As such, slippage from previous government fiscal targets this financial year (2019-20) is now very likely.
The cuts, announced by Finance Minister Nirmala Sitharaman on September 20, will lower the base corporate tax rate to 22 per cent from 30 per cent for companies that do not seek exemptions, and reduce the rate for some new manufacturing companies to 15 per cent from 25 per cent.
Including surcharges and cesses (levies to raise funds for specific purposes), the effective corporate tax rate will drop by nearly 10 percentage points to 25.2 per cent.
The announcement follows other measures of the government to prop up slowing GDP growth adopted since May's general election. These include efforts to reduce red tape and boost foreign direct investments, and plans to consolidate the state-owned banks.
"We would characterise these and the latest tax cuts as structural reforms to improve competitiveness and efficiency (for example, by reducing the use of tax exemptions) rather than as cyclical stimulus measures," said Fitch in a statement.
As such, they may succeed in stimulating investment, although a positive growth impact is only likely over the medium term. A positive impact on FDI will be more likely if the tax cuts were accompanied by further measures to improve India's business environment.
In particular, corporate tax rates are likely to be only one in a list of factors determining investment decisions along with the legal environment, labour market regulations, infrastructure development and enhancements to the overall business climate.
Meanwhile, faltering domestic demand, a weak global trade environment, asset-quality challenges at banks and funding pressure on non-banking financial institutions have all contributed to an economic slowdown. GDP growth slowed for a fifth consecutive quarter in April to June quarter to 5 per cent, down from 8.1 per cent year-on-year.

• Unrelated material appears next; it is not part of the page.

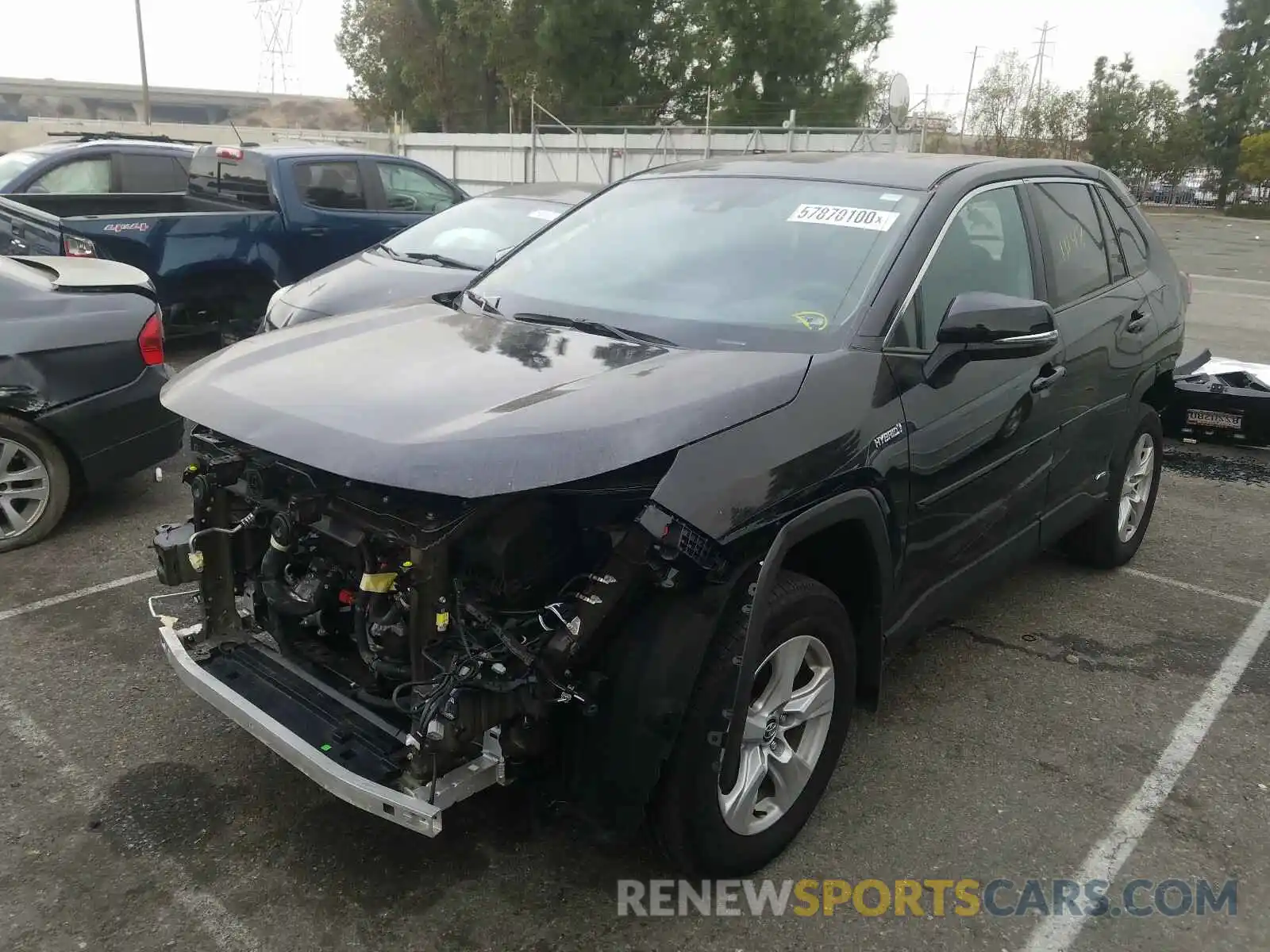 2 Photograph of a damaged car 2T3RWRFV5LW082787 TOYOTA RAV4 2020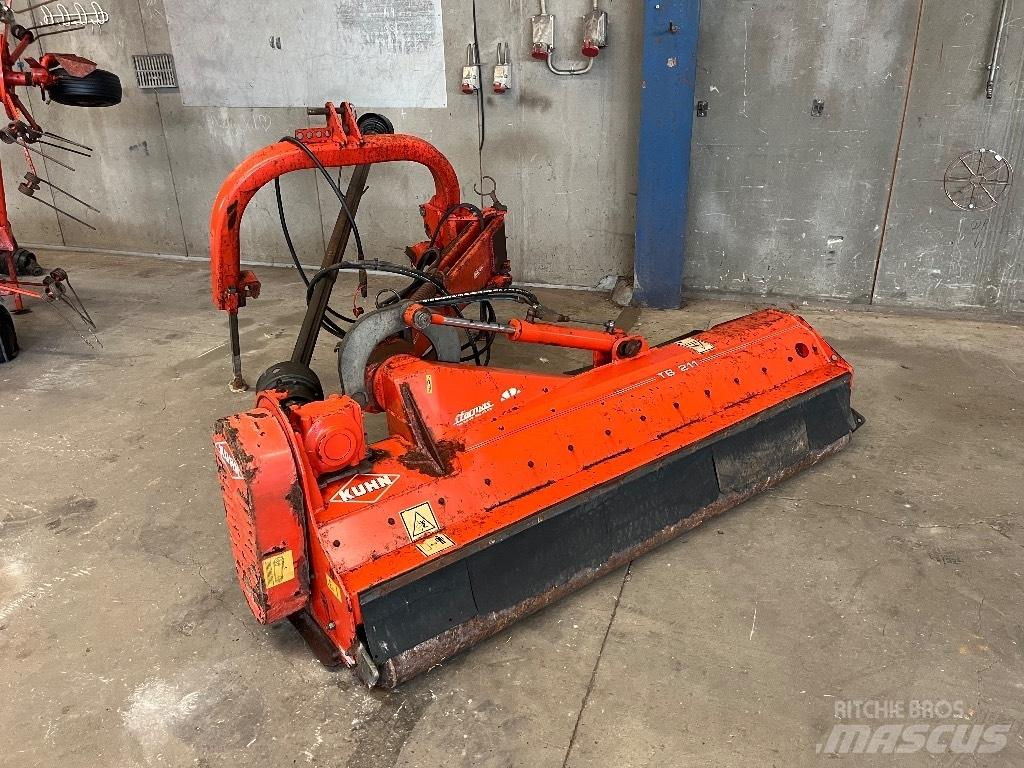 Kuhn TB 211 Ganyklų šienapjovės / rėžtuvės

The contribution of private consumption fell to 1.8 percentage points from an average of 4.6 percentage points in the preceding four quarters, while manufacturing grew by just 0.6 percentage points.
"Our FY19-20 forecast for India will be significantly lower than the 6.6 per cent in our June Global Economic Outlook, but the policy measures taken will likely support a gradual recovery in FY20-21 and FY21-22," said Fitch.
In contrast to the growth impact of tax cuts, the fiscal impact will be felt in this fiscal year. The government says the cuts will cost around 0.7 per cent of GDP in lower revenue -- about two-thirds to the central government and one-third for state governments.
Revenues this year are already behind target although the record annual transfer of 24.8 billion dollars from the Reserve Bank of India announced in August should largely fill this gap.
"Expenditure postponements are more difficult for the government given weak growth, and we expect the central government to miss its 3.3 per cent of GDP deficit target for FY19-20 by about 0.4 percentage points. We now expect a general government deficit of 7.5 per cent of GDP, well above the 'BBB' category median of 1.9 per cent."
Fitch said this represents a change in its view on the fiscal stance from the July budget and underscores opinion that the general government debt ceiling of 60 per cent of GDP is unlikely to be met by March 2025, as stipulated by the Fiscal Responsibility and Budget Management Act, as this would require significant deficit reduction.
"The interplay of growth and fiscal policy is an important element of our Indian sovereign rating assessment. Higher sustained investment and growth rates without the creation of macroeconomic imbalances could be positive for India's credit profile while a rise in the government debt burden could be negative," said Fitch.